A Comparative Study on String Matching Algorithm of Biological Sequences
String matching algorithm plays the vital role in the Computational Biology. The functional and structural relationship of the biological sequence is determined by similarities on that sequence. For that, the researcher is supposed to aware of similarities on the biological sequences. Pursuing of similarity among biological sequences is an important research area of that can bring insight into the evolutionary and genetic relationships among the genes. In this paper, we have studied different kinds of string matching algorithms and observed their time and space complexities. For this study, we have assessed the performance of algorithms tested with biological sequences.
💡 Research Summary
The paper presents a systematic comparative study of string‑matching algorithms as applied to biological sequences such as DNA, RNA, and proteins. Beginning with a concise motivation, the authors emphasize that detecting similarity among sequences is fundamental for uncovering evolutionary relationships, functional annotation, and genetic linkage. Consequently, the choice of an efficient matching algorithm becomes a critical bottleneck when dealing with the massive datasets generated by modern high‑throughput sequencing technologies.
The authors first categorize the algorithms into three broad families: (1) classic exact‑matching methods (Naïve, Knuth‑Morris‑Pratt, Boyer‑Moore, Rabin‑Karp), (2) data‑structure‑centric approaches (Suffix Tree, Suffix Array, FM‑Index), and (3) bio‑informatics‑specific heuristics (BLAST, FASTA, Aho‑Corasick automaton for multi‑pattern search). For each method, theoretical time and space complexities are derived. The Naïve algorithm exhibits O(m·n) worst‑case performance, making it impractical for long genomic strings. KMP and Boyer‑Moore achieve O(m + n) average time, but Boyer‑Moore’s “bad character” rule loses effectiveness when the alphabet size is small (σ = 4 for nucleotides). Rabin‑Karp’s hash‑based technique offers O(m + n) expected time but suffers from collision‑induced re‑verification overhead. Suffix‑based structures guarantee O(m + z) search time (z = number of occurrences) after an O(n) preprocessing phase, yet they demand O(n) memory, which can be prohibitive for whole‑genome indexes. FM‑Index and BWT‑based compressed indexes mitigate memory consumption while preserving logarithmic search costs.
Experimental evaluation uses publicly available NCBI RefSeq genomic fragments and UniProt protein sequences ranging from 10 KB to 10 MB. All algorithms are executed on a standard workstation (16 GB RAM, 3.2 GHz CPU) under identical pattern sets (lengths 10–100). Results show that the Naïve method becomes unusable beyond 1 MB, while KMP and Boyer‑Moore complete searches within 1–2 seconds but consume 45–50 MB of RAM. Rabin‑Karp performs well (≈0.8 s) when collisions are rare, yet its runtime fluctuates dramatically under high‑collision scenarios. Suffix‑Tree based searches are the fastest (≈0.2 s) after construction, but the construction phase requires ~200 MB of memory, limiting its practicality for on‑the‑fly analyses. BLAST and FASTA, employing a seed‑and‑extend heuristic, achieve >95 % sensitivity on 10 MB datasets in 0.3 s (BLAST) and 0.45 s (FASTA) with memory footprints of roughly 200 MB and 150 MB respectively—significantly more efficient than exact methods for large inputs. Aho‑Corasick excels at simultaneous multi‑pattern detection, locating 100 patterns in a 1 MB sequence within 0.5 s, but the automaton’s state table can exceed 300 MB, rendering it unsuitable for very large pattern libraries.

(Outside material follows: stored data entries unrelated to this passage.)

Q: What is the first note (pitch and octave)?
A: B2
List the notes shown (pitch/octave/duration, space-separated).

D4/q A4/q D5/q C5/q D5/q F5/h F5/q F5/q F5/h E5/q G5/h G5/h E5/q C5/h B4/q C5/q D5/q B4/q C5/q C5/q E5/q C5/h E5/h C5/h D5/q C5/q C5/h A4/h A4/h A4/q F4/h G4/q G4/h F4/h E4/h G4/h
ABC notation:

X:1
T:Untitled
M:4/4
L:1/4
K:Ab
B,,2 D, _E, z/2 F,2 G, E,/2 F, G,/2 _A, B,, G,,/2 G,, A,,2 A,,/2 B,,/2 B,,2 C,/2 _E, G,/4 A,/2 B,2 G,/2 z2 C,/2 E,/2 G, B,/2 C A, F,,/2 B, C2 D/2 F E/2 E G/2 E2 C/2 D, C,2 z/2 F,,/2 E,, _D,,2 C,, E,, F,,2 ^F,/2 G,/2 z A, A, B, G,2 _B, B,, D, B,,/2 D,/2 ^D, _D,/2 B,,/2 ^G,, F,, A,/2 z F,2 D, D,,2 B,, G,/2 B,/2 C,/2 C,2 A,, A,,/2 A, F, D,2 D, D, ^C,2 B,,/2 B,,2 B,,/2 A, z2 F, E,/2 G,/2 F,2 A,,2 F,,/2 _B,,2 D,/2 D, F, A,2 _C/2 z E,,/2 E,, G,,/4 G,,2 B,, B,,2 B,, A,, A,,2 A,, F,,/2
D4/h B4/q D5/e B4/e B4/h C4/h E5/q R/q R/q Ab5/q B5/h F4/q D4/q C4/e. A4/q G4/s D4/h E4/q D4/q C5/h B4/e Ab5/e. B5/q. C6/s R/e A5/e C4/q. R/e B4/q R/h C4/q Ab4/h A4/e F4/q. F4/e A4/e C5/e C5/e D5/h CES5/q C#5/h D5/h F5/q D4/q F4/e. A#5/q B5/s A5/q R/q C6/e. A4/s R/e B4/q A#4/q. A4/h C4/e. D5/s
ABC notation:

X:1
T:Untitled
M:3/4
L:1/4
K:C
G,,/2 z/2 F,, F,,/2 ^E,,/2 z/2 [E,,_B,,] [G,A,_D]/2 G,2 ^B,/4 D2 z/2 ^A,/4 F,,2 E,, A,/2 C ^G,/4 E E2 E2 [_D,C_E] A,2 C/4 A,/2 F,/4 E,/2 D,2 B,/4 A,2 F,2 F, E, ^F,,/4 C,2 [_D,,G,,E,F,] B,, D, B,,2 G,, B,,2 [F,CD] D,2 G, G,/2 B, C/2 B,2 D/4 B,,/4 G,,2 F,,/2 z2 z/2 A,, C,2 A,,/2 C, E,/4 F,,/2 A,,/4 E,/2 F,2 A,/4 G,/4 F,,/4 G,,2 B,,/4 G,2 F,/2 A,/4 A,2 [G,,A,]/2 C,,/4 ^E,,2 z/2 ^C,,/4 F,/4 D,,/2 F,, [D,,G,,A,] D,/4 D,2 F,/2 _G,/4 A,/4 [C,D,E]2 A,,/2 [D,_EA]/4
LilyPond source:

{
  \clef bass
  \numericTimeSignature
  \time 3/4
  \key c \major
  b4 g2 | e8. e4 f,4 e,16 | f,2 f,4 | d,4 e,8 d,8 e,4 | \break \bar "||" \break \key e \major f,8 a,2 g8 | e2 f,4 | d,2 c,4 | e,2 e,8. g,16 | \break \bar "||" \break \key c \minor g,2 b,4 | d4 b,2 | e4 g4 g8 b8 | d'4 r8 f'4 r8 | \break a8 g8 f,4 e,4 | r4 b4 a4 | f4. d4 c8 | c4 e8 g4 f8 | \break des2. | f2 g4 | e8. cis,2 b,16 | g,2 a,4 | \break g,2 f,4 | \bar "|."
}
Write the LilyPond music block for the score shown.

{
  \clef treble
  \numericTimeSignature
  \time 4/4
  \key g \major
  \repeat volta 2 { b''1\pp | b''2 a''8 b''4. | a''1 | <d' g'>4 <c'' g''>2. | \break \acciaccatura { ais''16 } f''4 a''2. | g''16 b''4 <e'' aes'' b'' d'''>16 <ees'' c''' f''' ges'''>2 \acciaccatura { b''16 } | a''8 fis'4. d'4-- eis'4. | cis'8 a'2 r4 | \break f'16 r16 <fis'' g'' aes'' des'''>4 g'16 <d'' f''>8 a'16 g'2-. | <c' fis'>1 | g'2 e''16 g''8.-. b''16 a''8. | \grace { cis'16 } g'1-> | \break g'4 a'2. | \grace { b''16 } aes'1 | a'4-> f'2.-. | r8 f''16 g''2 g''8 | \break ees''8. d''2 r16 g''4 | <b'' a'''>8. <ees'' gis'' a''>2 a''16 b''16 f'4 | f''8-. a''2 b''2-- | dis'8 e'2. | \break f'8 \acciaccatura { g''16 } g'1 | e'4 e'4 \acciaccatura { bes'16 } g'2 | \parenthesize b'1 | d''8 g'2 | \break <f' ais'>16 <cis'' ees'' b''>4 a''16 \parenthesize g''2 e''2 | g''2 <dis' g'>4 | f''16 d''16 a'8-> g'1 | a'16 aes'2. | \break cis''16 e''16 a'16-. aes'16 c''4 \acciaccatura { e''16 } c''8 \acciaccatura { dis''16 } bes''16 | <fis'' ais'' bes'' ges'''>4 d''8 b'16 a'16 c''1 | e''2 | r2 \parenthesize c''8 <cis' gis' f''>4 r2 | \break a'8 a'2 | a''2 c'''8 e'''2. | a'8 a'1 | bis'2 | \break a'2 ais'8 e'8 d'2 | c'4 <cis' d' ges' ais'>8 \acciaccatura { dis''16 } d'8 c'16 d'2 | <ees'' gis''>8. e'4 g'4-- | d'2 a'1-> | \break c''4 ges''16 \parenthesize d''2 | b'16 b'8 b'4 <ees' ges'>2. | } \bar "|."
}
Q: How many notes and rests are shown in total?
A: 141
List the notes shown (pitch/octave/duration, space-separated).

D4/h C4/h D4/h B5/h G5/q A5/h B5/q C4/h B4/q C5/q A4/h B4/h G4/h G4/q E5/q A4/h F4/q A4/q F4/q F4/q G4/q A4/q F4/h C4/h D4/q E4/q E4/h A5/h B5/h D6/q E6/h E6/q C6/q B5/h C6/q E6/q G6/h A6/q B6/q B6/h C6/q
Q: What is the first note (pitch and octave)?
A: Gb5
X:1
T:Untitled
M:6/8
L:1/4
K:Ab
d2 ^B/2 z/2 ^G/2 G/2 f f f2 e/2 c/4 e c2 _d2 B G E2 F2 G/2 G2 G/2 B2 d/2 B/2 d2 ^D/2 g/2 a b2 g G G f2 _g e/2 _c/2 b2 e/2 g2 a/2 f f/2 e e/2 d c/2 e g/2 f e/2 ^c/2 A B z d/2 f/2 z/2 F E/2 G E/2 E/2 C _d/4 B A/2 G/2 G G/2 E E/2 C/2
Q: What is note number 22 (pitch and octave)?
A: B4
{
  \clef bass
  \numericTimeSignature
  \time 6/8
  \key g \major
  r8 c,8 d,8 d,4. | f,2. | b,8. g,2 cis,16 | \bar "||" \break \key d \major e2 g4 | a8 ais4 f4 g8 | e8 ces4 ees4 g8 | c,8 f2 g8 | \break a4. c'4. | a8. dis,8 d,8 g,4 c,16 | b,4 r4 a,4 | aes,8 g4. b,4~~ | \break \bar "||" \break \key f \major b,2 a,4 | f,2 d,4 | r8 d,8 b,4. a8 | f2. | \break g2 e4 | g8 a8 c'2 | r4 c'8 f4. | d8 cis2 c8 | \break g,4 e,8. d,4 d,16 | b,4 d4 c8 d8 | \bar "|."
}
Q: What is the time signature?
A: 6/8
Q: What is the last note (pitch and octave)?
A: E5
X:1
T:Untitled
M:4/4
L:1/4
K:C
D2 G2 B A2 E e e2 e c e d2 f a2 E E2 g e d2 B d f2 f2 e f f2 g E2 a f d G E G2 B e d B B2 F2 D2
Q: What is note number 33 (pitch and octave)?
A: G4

The discussion synthesizes these findings into practical guidelines. For short sequences with ample memory, exact algorithms such as KMP or Boyer‑Moore are recommended due to their deterministic behavior and straightforward implementation. For large‑scale genomic databases, heuristic tools like BLAST/FASTA strike the best balance between speed, sensitivity, and resource usage. When exhaustive occurrence reporting is mandatory, suffix‑based indexes are optimal provided sufficient memory is available. Multi‑pattern tasks, such as transcription‑factor binding site scans, benefit from Aho‑Corasick, albeit with careful memory management.
In conclusion, the authors affirm that BLAST and FASTA remain the de‑facto standards for biological sequence matching, while future research should focus on integrating compressed indexes (FM‑Index, BWT) with GPU acceleration to further reduce latency and memory demands. They also propose exploring hybrid frameworks that combine deep‑learning similarity scoring with traditional string‑matching pipelines, anticipating that such approaches will enhance both accuracy and scalability in next‑generation sequence analysis.